* DATA FOR REVIEW:
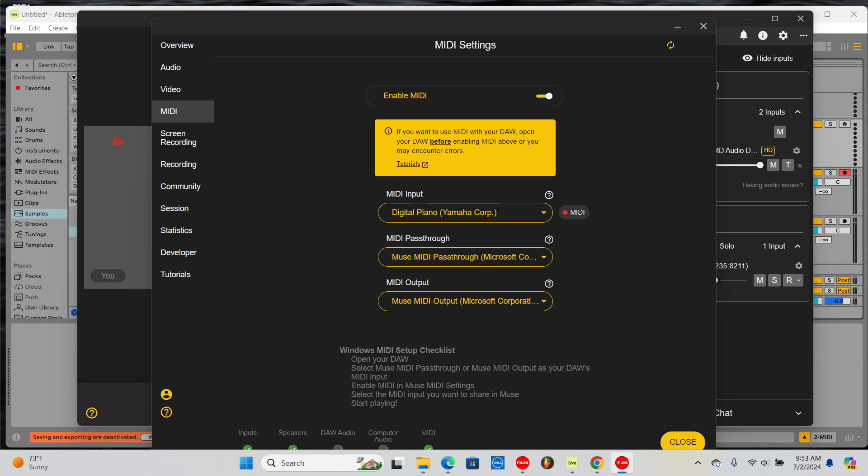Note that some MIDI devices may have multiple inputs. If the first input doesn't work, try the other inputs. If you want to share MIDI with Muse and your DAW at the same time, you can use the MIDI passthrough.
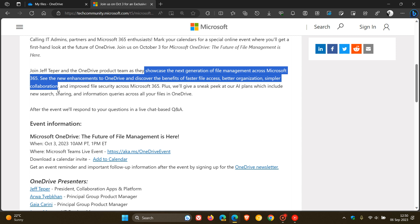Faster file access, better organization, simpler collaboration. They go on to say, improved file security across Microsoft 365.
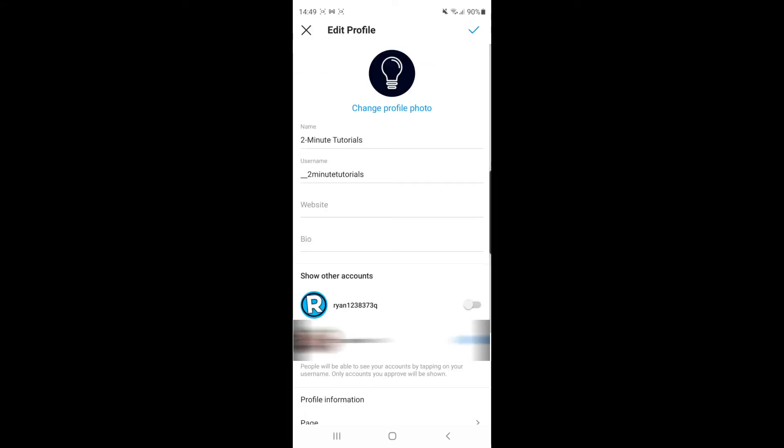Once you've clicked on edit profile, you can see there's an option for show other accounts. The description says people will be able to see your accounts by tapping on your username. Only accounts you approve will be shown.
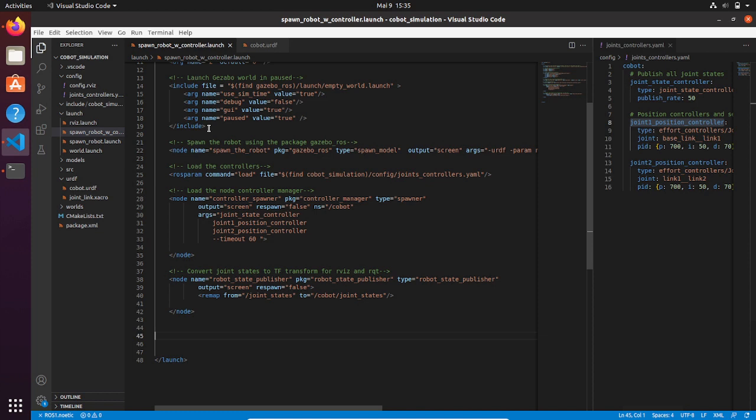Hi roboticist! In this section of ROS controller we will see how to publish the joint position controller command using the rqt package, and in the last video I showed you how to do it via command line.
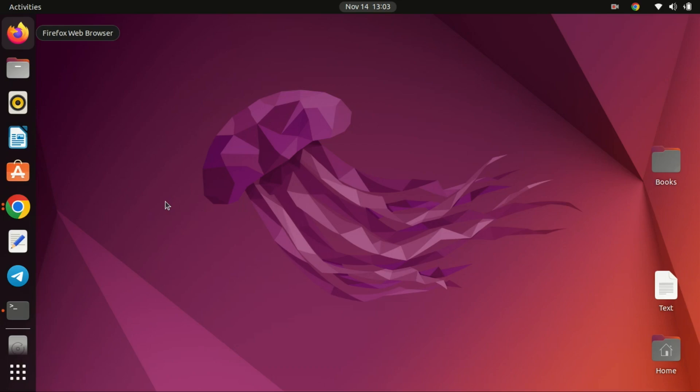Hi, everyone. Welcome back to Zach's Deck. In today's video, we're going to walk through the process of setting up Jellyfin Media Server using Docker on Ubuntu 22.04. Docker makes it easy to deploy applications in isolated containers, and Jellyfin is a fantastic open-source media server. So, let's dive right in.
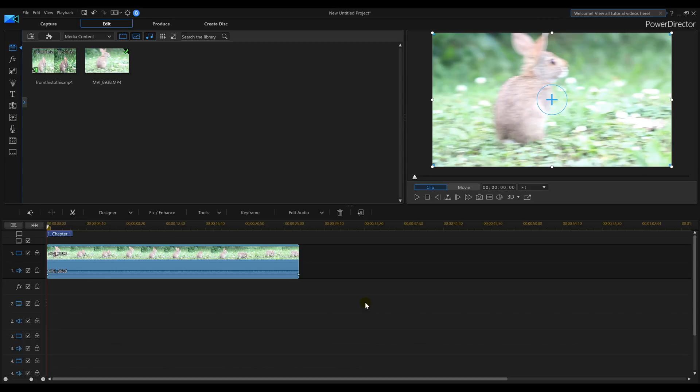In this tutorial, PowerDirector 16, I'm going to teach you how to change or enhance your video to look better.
--
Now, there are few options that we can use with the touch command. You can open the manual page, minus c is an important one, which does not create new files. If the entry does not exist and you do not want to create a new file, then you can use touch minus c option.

* WORK INSTRUCTIONS:
Skipping every picture, transcribe exactly the lines above from the one containing "Hi roboticist! In" through the one containing "In this tutorial, PowerDirector", both included.

* TASK RESULT:
Hi roboticist! In this section of ROS controller we will see how to publish the joint position controller command using the rqt package, and in the last video I showed you how to do it via command line.
Hi, everyone. Welcome back to Zach's Deck. In today's video, we're going to walk through the process of setting up Jellyfin Media Server using Docker on Ubuntu 22.04. Docker makes it easy to deploy applications in isolated containers, and Jellyfin is a fantastic open-source media server. So, let's dive right in.
In this tutorial, PowerDirector 16, I'm going to teach you how to change or enhance your video to look better.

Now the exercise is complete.